The distance between charges $$+q$$ and $$-q$$ is $$2l$$ and between $$+2q$$ and $$-2q$$ is $$4l$$. The electrostatic potential at point $$P$$ at a distance $$r$$ from centre $$O$$ is $$-\alpha\frac{ql}{r^2} \times 10^9$$ V, where the value of $$\alpha$$ is. (Use $$\frac{1}{4\pi\varepsilon_0} = 9 \times 10^9$$ N m$$^2$$ C$$^{-2}$$)
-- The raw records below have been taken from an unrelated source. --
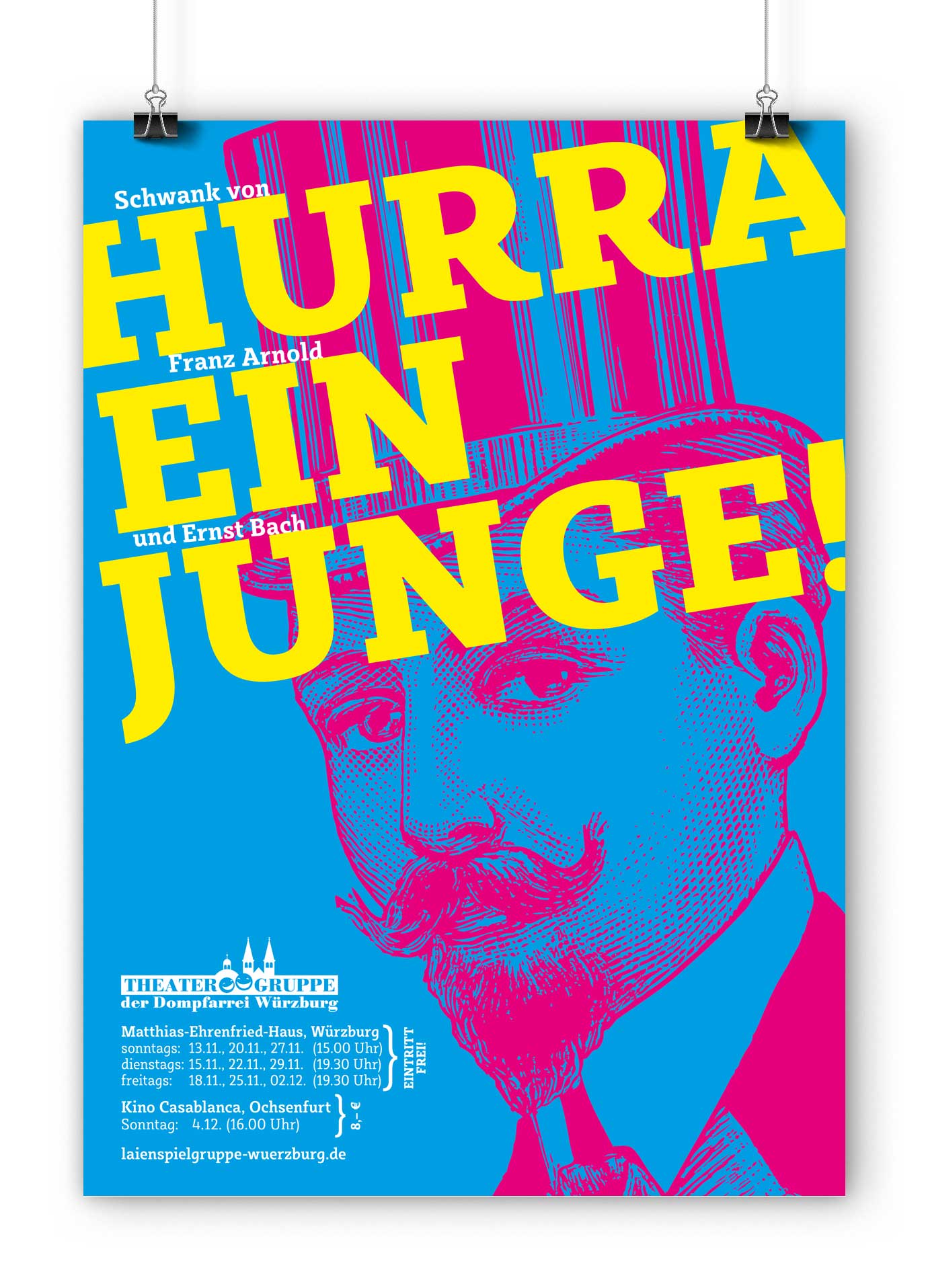 Theaterplakat: Hurra, ein Junge!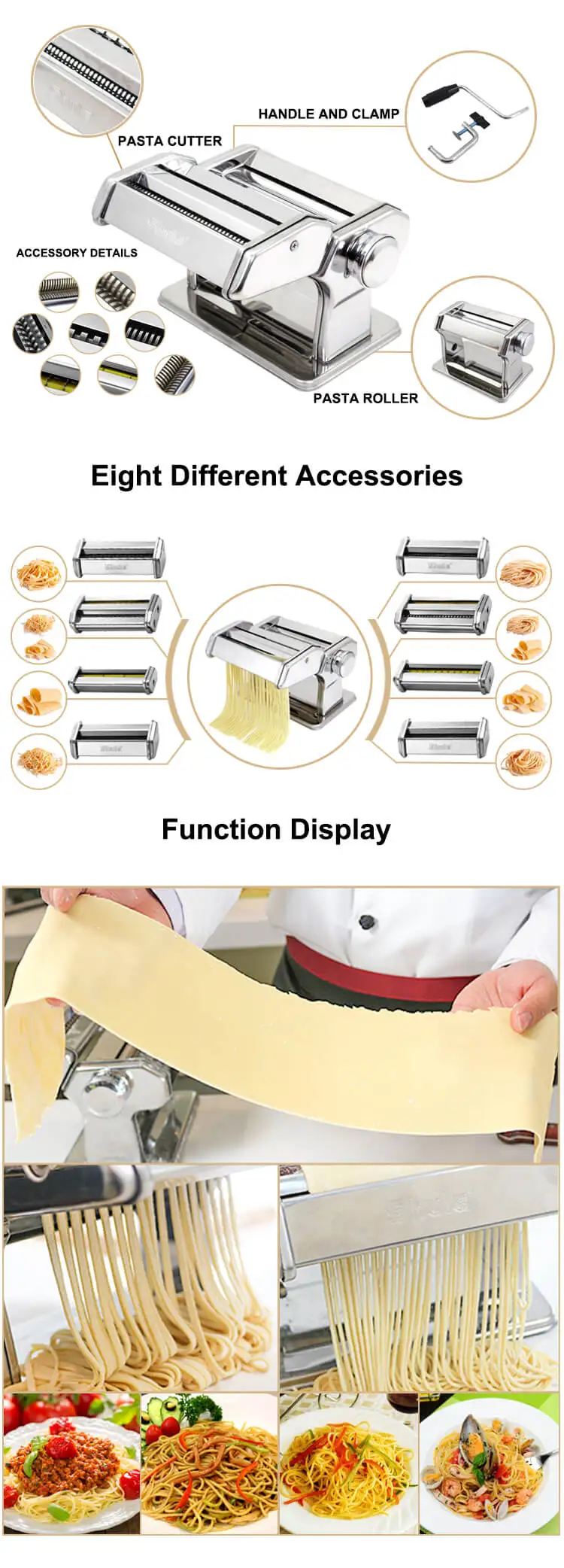 Home Use Stainless Steel Marcato Design Pasta Machine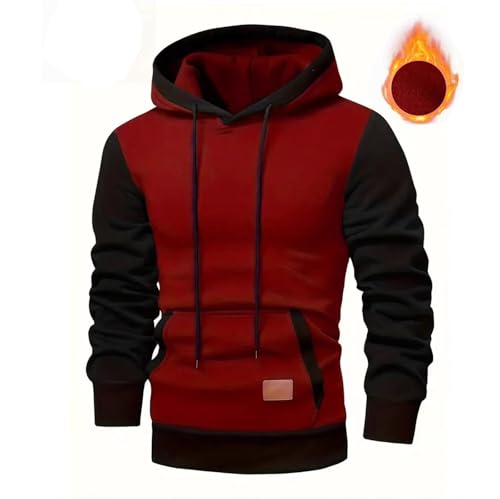 Men's Trendy Patchwork Pullover Long Sleeve Drawstring Hooded Sweatshirt with Pocket Casual Color Block Sweatshirts2
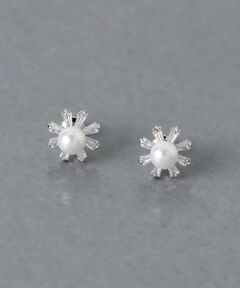 イミテーションパール  RADIALLY/CZ ピアス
step 1: positions of charges

On the x-axis:

• +2q at −2l
• −q at −l
• +q at +l
• −2q at +2l

step 2: net charge

$$2q-q+q-2q=0$$

So monopole term = 0

step 3: dipole moment

Take dipole moment about O:

$$p=\sum_{ }^{ }q_ix_i$$

$$=(2q)(-2l)+(-q)(-l)+(q)(l)+(-2q)(2l)$$

So,

$$p=-6ql$$

(direction along negative x-axis)

step 4: potential at point P

For dipole:

$$V=\frac{1}{4\pi\epsilon_0}\frac{p\cos\theta}{r^2}$$

Here $$\theta=60^{\circ}$$

$$\cos60^{\circ}=\frac{1}{2}$$

$$V=9\times10^9\cdot\frac{-6ql\cdot(1/2)}{r^2}$$

$$=9\times10^9\cdot\frac{-3ql}{r^2}$$